The goal of the DRIVER-SEAT project is to develop and implement a new feedback system that allows teachers to give individualized feedback to their students in an efficient and practical process.
ASSISTments DRIVER-SEAT will put teachers back in the driver's seat. Teachers who participate contribute to important, high-quality research that is sure to have national impact. They will also benefit by having improved homework routines.

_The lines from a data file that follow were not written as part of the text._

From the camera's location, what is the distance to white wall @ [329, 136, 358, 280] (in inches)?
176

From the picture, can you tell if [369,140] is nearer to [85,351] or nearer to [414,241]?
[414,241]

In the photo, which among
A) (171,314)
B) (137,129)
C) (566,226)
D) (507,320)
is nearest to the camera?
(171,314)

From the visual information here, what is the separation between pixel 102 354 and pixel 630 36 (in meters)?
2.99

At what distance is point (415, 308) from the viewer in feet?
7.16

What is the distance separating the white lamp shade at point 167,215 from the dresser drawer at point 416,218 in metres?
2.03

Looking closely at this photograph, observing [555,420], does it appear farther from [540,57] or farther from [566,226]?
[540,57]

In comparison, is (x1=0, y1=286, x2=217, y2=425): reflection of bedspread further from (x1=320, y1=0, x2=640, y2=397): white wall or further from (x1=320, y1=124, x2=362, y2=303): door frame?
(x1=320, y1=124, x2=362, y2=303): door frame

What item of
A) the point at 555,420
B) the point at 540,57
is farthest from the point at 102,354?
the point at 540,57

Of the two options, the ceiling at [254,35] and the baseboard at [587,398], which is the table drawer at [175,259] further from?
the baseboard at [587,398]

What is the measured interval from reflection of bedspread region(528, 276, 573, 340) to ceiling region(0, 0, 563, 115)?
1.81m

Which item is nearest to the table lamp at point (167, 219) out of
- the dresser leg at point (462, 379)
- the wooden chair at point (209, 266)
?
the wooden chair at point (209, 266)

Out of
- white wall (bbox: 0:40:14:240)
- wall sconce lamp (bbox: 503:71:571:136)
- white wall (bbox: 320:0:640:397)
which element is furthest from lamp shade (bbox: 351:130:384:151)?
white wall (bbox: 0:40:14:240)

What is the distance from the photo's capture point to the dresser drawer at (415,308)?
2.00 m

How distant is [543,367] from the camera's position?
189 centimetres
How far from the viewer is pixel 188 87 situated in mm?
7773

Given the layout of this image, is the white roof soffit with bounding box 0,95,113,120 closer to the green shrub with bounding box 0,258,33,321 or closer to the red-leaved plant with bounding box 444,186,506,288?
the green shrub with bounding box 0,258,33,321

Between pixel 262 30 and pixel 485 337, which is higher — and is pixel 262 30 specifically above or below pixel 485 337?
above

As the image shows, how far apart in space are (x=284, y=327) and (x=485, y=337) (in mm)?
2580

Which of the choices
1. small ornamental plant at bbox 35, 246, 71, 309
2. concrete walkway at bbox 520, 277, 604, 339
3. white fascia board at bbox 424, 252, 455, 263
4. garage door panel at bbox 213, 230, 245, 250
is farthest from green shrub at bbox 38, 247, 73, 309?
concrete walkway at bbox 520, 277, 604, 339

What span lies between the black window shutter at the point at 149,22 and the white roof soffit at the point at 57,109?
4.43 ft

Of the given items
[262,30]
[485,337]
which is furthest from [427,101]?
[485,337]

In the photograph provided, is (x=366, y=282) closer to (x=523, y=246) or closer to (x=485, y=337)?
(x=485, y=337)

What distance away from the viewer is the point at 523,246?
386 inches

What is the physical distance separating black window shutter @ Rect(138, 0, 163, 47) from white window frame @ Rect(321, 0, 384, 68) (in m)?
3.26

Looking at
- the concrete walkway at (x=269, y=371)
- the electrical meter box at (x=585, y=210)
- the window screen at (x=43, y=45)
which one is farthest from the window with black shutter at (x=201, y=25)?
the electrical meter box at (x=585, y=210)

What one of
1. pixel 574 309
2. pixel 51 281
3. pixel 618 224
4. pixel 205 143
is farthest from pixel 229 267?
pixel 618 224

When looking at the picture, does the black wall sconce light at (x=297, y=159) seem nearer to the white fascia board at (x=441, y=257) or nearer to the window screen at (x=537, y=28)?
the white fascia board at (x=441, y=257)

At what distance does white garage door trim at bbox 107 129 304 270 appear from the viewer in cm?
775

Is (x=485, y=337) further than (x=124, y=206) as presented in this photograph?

DRIVER-SEAT, or the Dialogue Reinforcement Infrastructure for Volitional Exploratory Research - Soliciting Effective Actions from Teachers, will provide teachers with a quick and effective way to respond to student online homework. Similar to Google’s Smart Reply, which uses machine learning to let users send predictive or “suggested” human-like messages when responding to an email, DRIVER-SEAT will give teachers three suggested automated messages to respond to students’ math homework. The teacher can choose the most appropriate selection from the three choices to send to their student.

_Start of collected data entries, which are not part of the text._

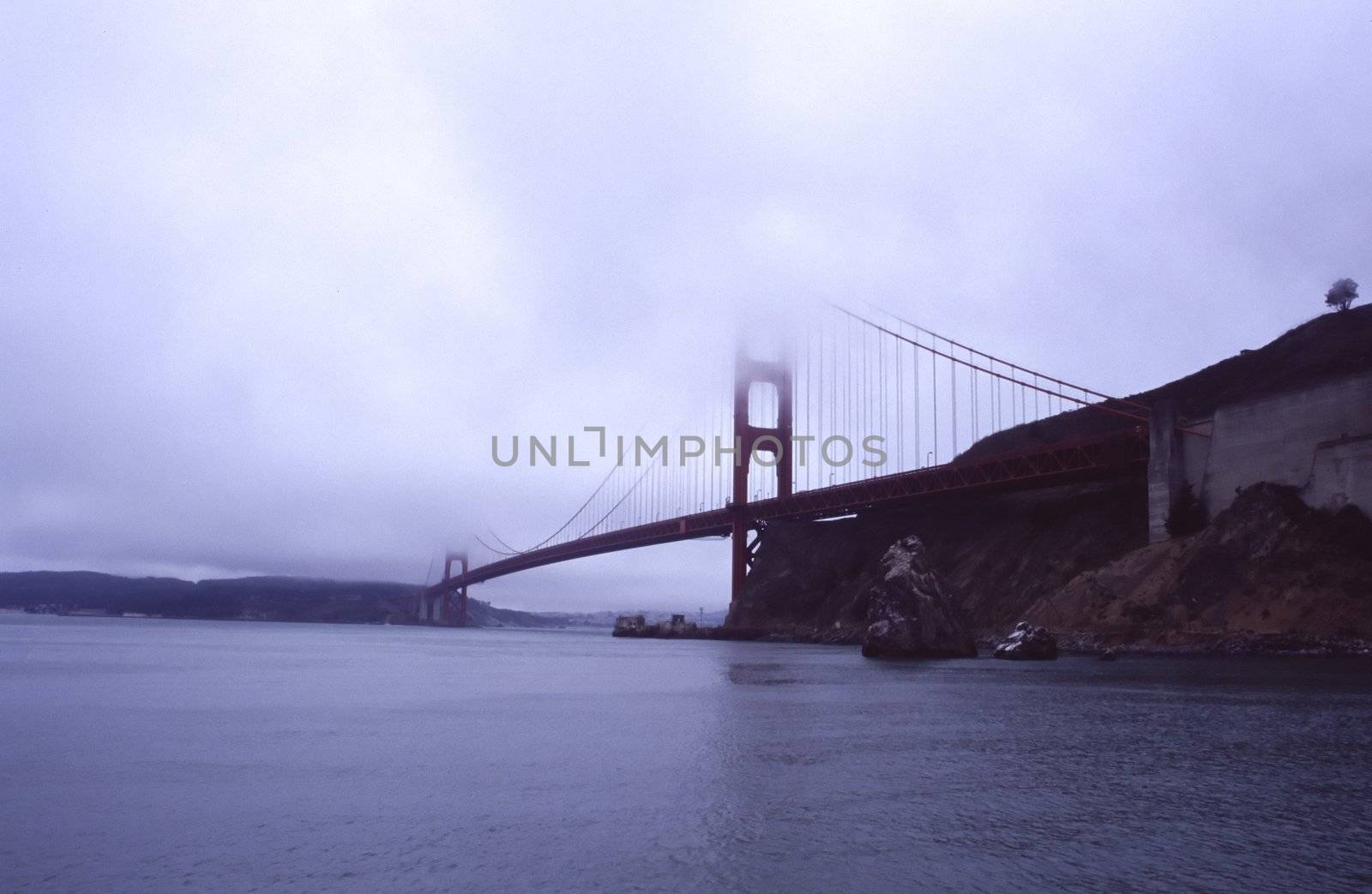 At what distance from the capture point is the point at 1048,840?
27.4 feet

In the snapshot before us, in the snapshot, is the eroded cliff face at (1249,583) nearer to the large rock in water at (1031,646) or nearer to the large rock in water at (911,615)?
the large rock in water at (1031,646)

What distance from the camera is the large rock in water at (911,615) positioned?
40781mm

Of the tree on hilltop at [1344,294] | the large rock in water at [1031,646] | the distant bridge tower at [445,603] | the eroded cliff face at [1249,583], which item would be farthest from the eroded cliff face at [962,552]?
the distant bridge tower at [445,603]

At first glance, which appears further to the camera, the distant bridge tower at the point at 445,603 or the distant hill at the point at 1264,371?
the distant bridge tower at the point at 445,603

What the student will receive is a message that includes their teacher’s comment with some context showing what the teacher is referring to with their comment.
Teachers will help create our library by piloting a prototype system and selecting feedback to send their students. Library development will enable us to apply deep learning in an effort to discover how to help teachers efficiently reply to their students.
ASSISTments is a free platform that will always be free. Prior research in Maine has demonstrated its effectiveness, and feedback from users confirm that the tool is helpful to both teachers and students. Educators who use EngageNY and Illustrative Mathematics will find content already uploaded to the ASSISTments system, ready for use!
For the current DRIVER-SEAT study, the project is funded by the National Science Foundation (NSF) under Grant Number 1822830.